Reproduce the records that follow exactly; any picture among them stays out.

** Data to examine follows **

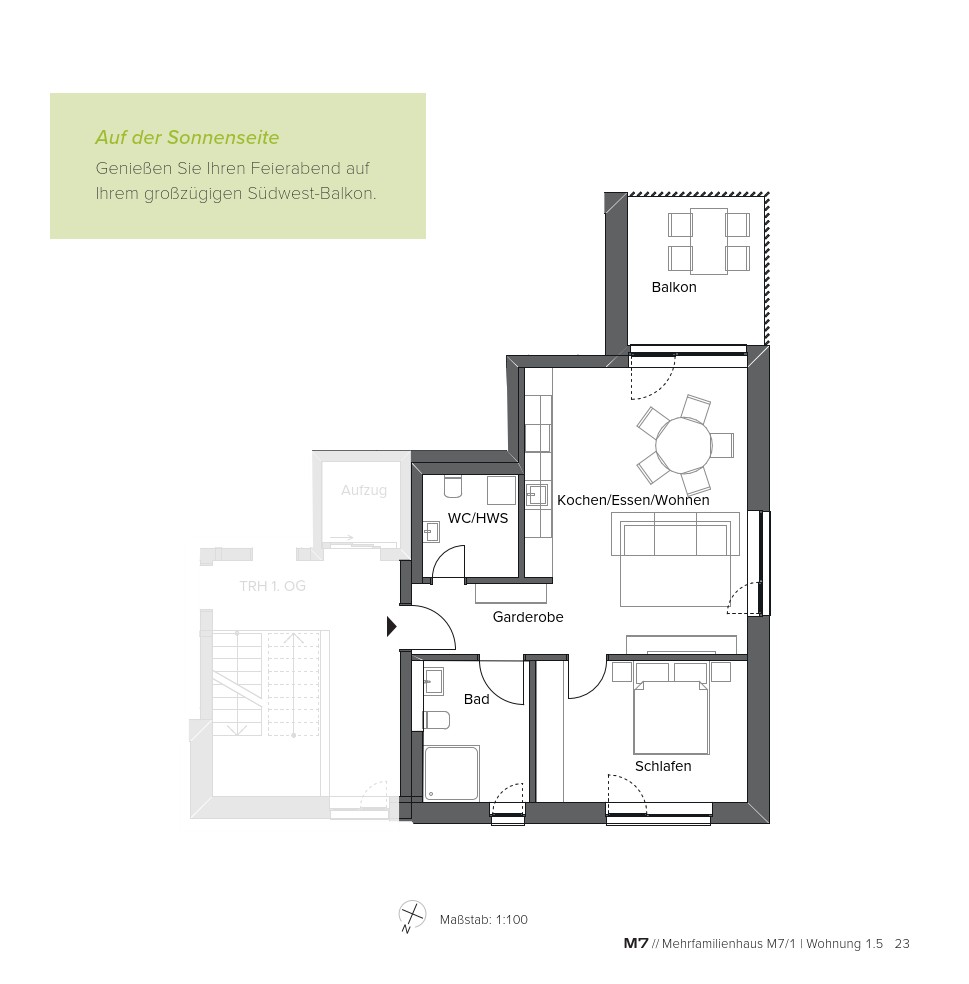 2+1, Moltkestr. 7, , Bádensko-Württembersko, 63 m² - 2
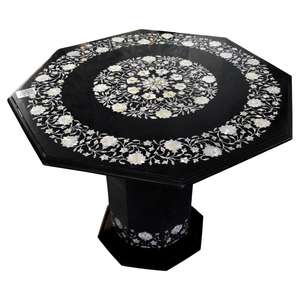 Superficie de Mesa de Lujo con Mosaico de Piedras Preciosas Pietra Dura - Product Image 1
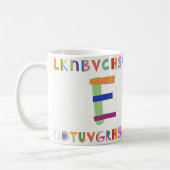 Colorful and Playful Alphabet Design Kaffeetasse (Links)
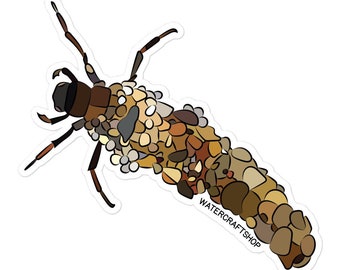 Caddisfly Larva Sticker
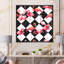 Flamants roses sur fond noir et blanc - Impression sur toile-66810314-66810318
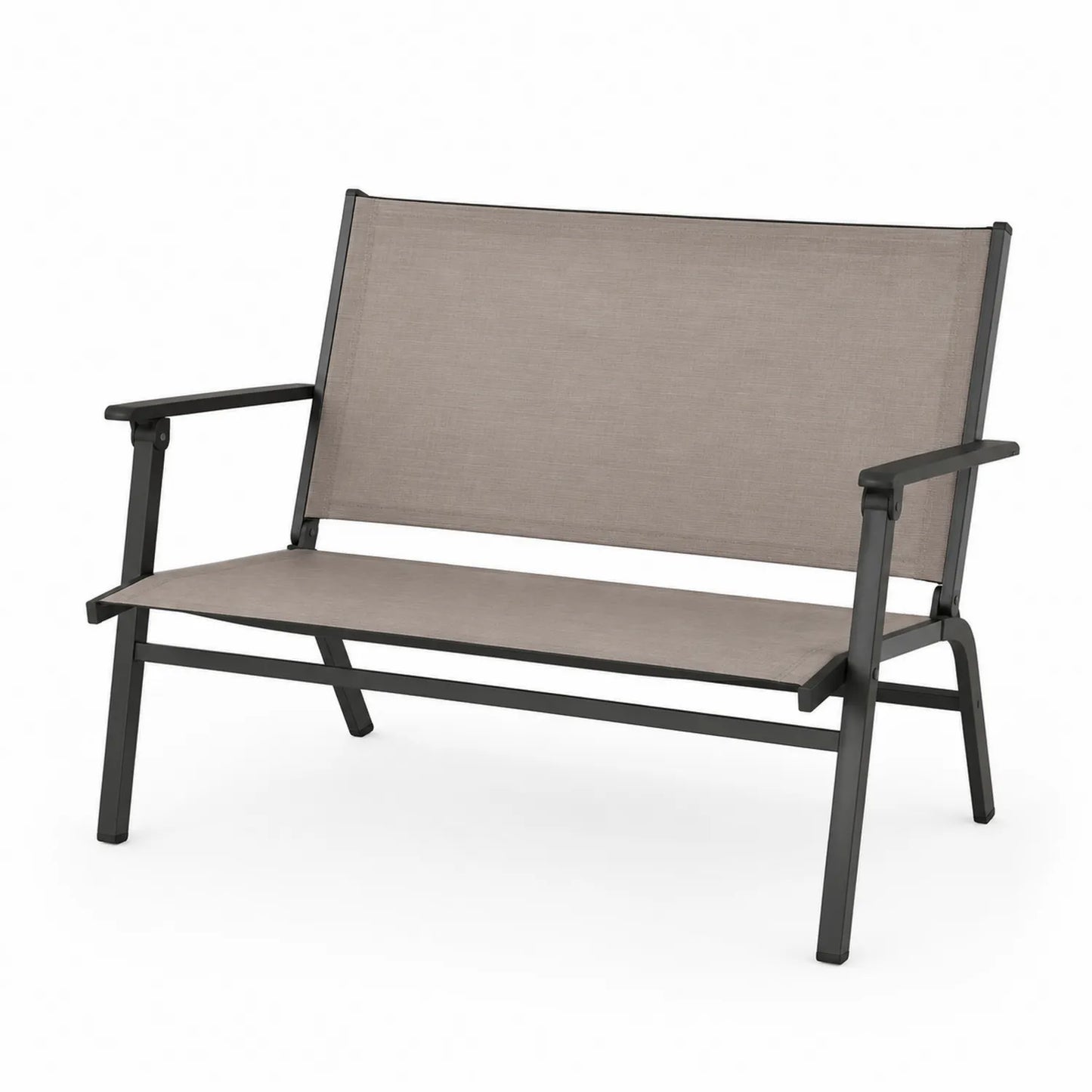 Banc d'extérieur en Métal et Tissu Beige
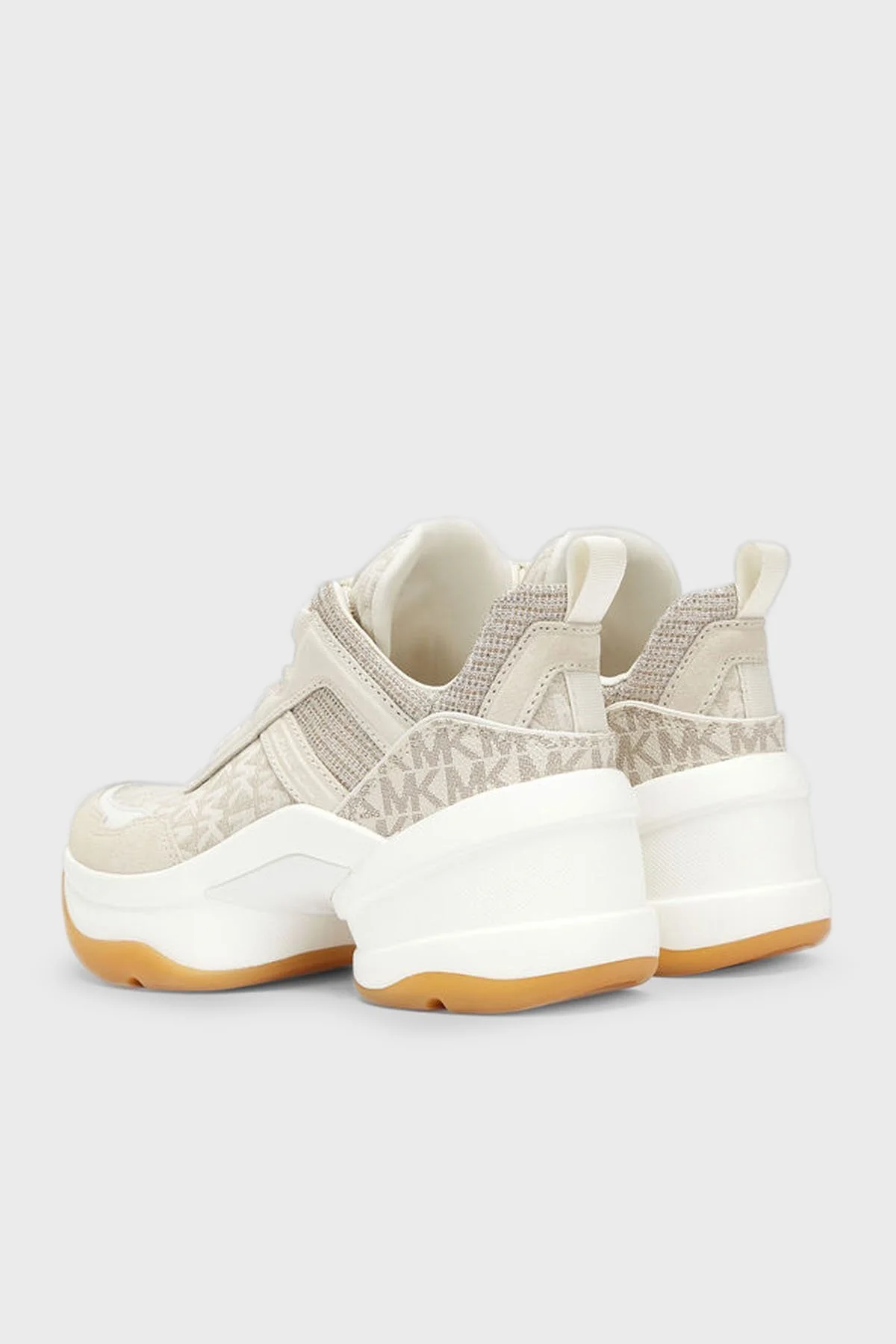 Michael Kors Logolu Kalın Tabanlı Hakiki Deri Sneaker 43F2OLFS3Y129 Bayan Ayakkabı 43F2OLFS3Y 129 BEYAZ - 3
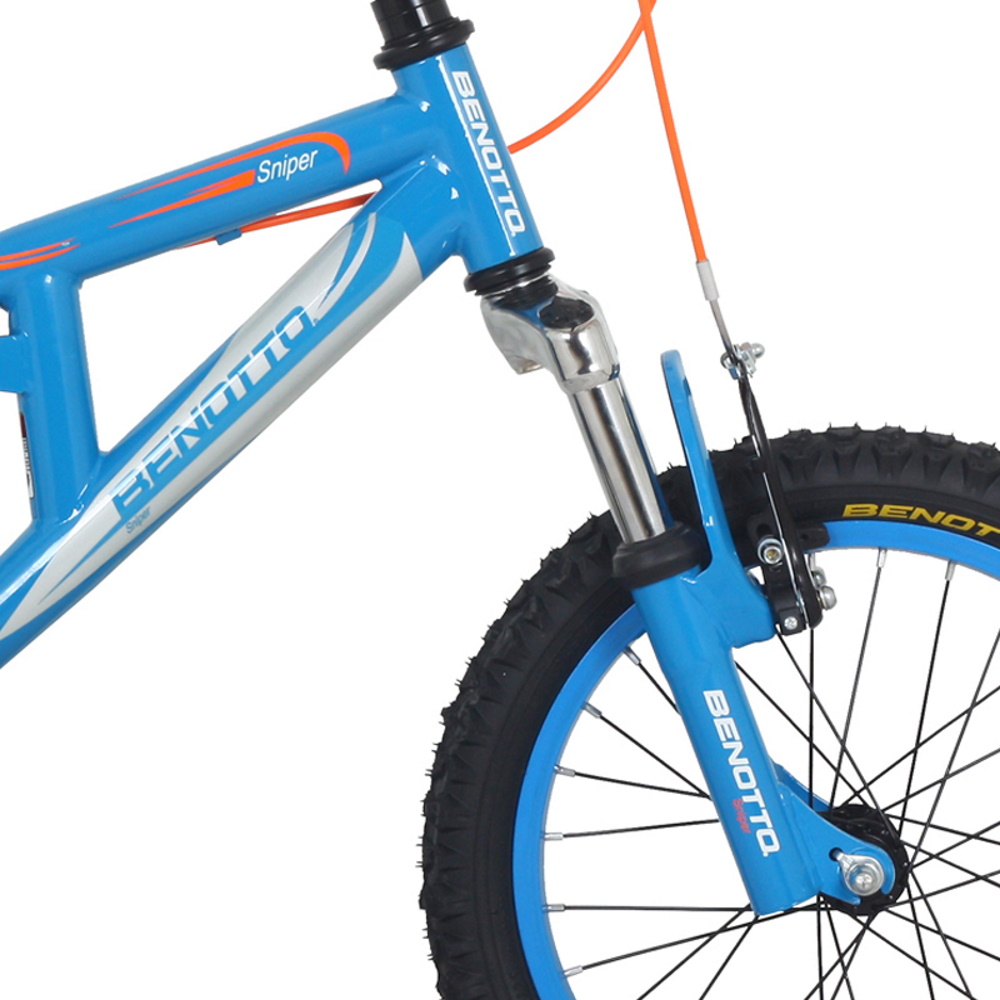 Foto 4 pulgar | Bicicleta Benotto Sniper R16 1v Acero  color Azul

** End of Data to examine **

- **Task solution**:
 2+1, Moltkestr. 7, , Bádensko-Württembersko, 63 m² - 2
 Superficie de Mesa de Lujo con Mosaico de Piedras Preciosas Pietra Dura - Product Image 1
 Colorful and Playful Alphabet Design Kaffeetasse (Links)
 Caddisfly Larva Sticker
 Flamants roses sur fond noir et blanc - Impression sur toile-66810314-66810318
 Banc d'extérieur en Métal et Tissu Beige
 Michael Kors Logolu Kalın Tabanlı Hakiki Deri Sneaker 43F2OLFS3Y129 Bayan Ayakkabı 43F2OLFS3Y 129 BEYAZ - 3
 Foto 4 pulgar | Bicicleta Benotto Sniper R16 1v Acero  color Azul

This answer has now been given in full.